* [What you should do] Using the data below, transcribe exactly everything from the line that contains "KitchenAid KUDS01VMMT6 Dishwasher" down to the line that contains "SisCathy 4 PCS". Include both of those lines and none of the pictures.

* [Source material]
━━━━━━━━
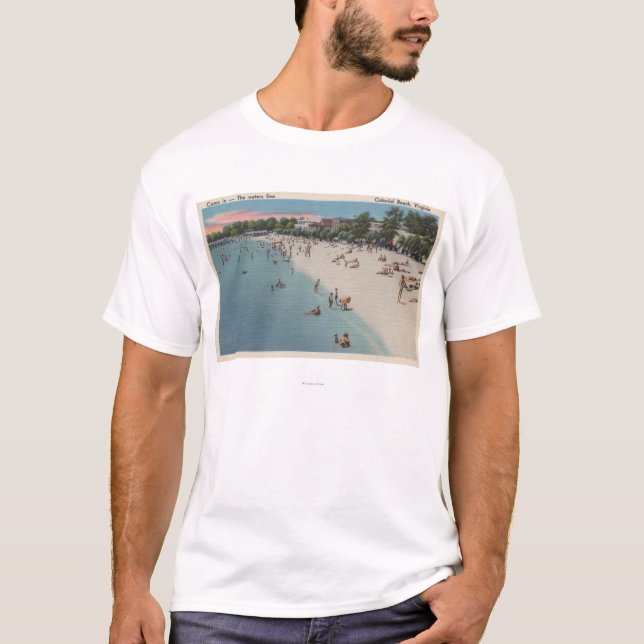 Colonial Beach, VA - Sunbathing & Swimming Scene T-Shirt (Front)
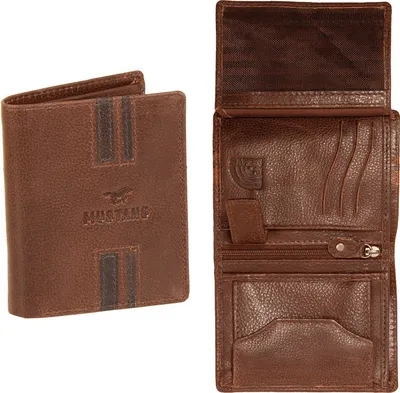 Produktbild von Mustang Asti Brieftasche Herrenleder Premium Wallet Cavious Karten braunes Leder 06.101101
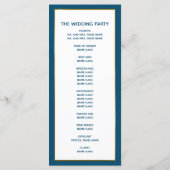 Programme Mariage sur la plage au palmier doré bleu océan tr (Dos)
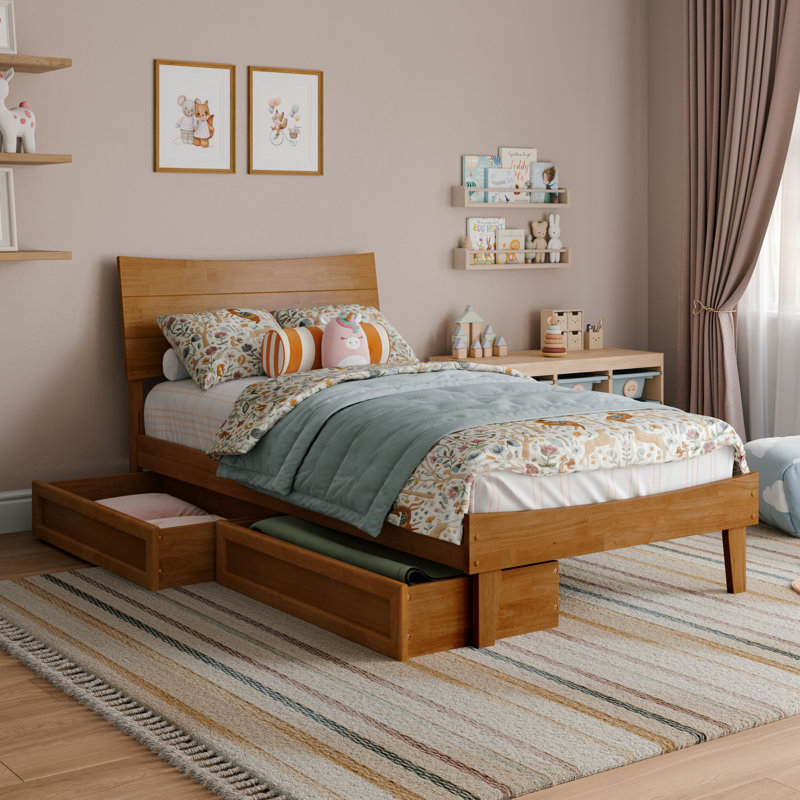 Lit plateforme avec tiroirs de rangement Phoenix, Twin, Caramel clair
━━━━━━━━
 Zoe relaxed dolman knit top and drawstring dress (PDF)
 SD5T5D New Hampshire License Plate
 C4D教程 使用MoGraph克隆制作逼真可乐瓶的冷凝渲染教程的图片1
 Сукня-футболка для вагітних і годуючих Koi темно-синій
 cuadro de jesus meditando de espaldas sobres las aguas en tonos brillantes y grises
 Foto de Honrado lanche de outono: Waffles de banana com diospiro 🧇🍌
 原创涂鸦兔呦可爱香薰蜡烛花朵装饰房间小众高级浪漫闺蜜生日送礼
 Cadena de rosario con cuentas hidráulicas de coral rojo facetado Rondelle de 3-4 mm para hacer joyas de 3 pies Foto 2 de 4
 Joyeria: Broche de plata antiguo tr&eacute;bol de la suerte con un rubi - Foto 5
━━━━━━━━
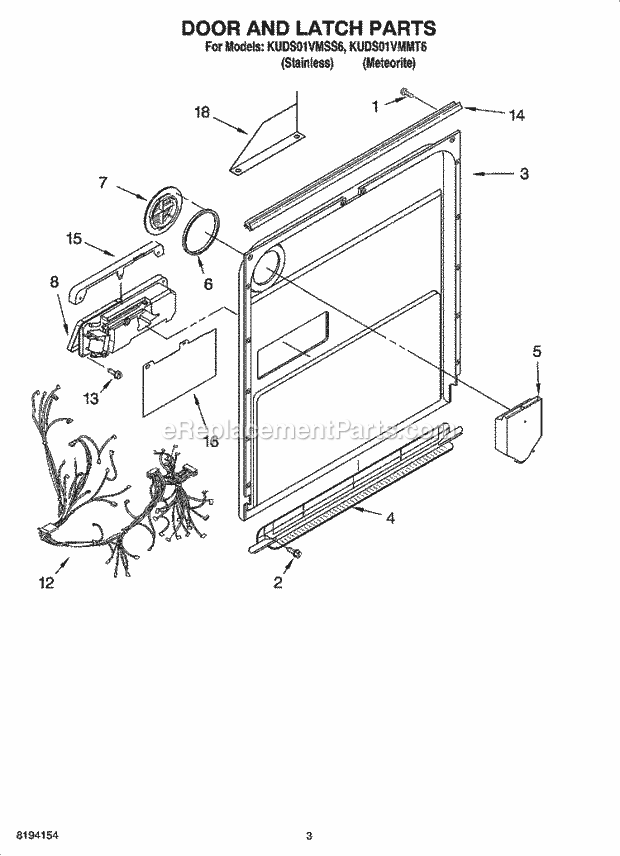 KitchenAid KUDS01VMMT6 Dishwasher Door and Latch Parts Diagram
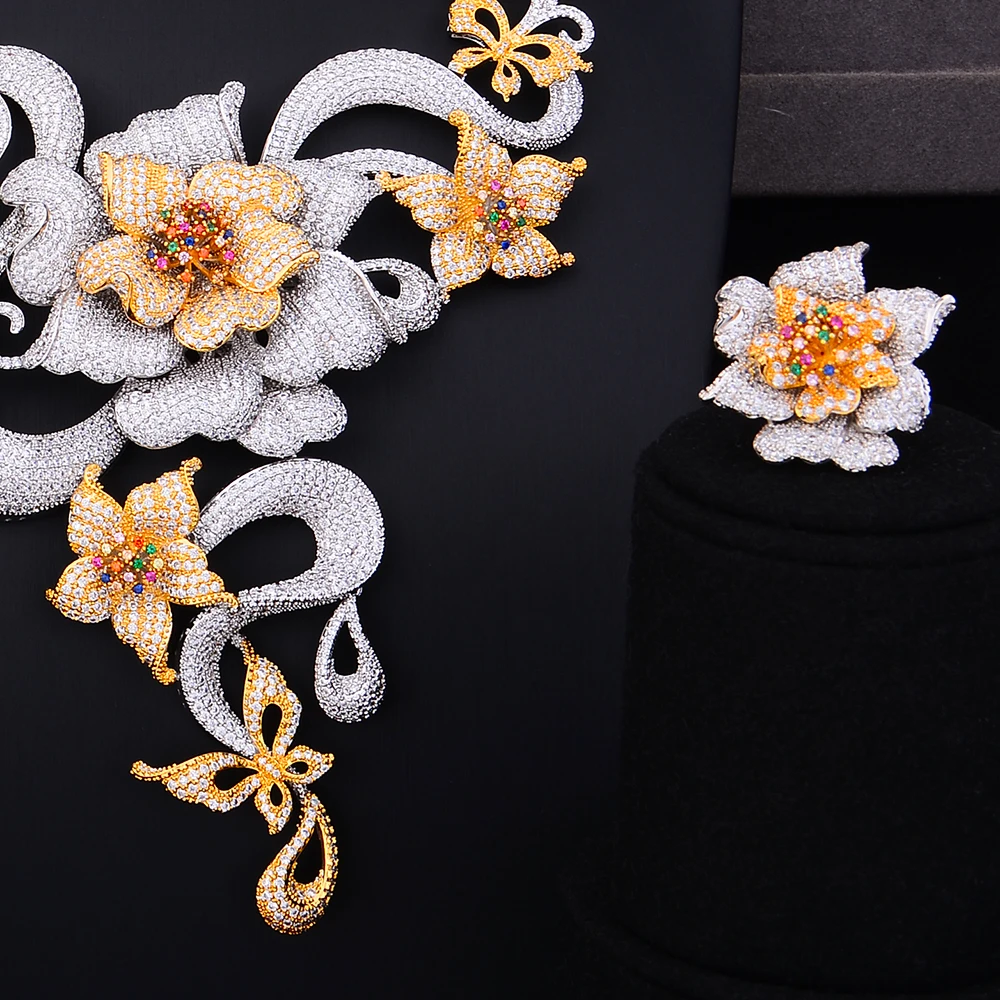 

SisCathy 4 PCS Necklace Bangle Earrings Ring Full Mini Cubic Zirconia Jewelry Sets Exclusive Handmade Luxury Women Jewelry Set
━━━━━━━━
* [Completed exercise]
 KitchenAid KUDS01VMMT6 Dishwasher Door and Latch Parts Diagram

SisCathy 4 PCS Necklace Bangle Earrings Ring Full Mini Cubic Zirconia Jewelry Sets Exclusive Handmade Luxury Women Jewelry Set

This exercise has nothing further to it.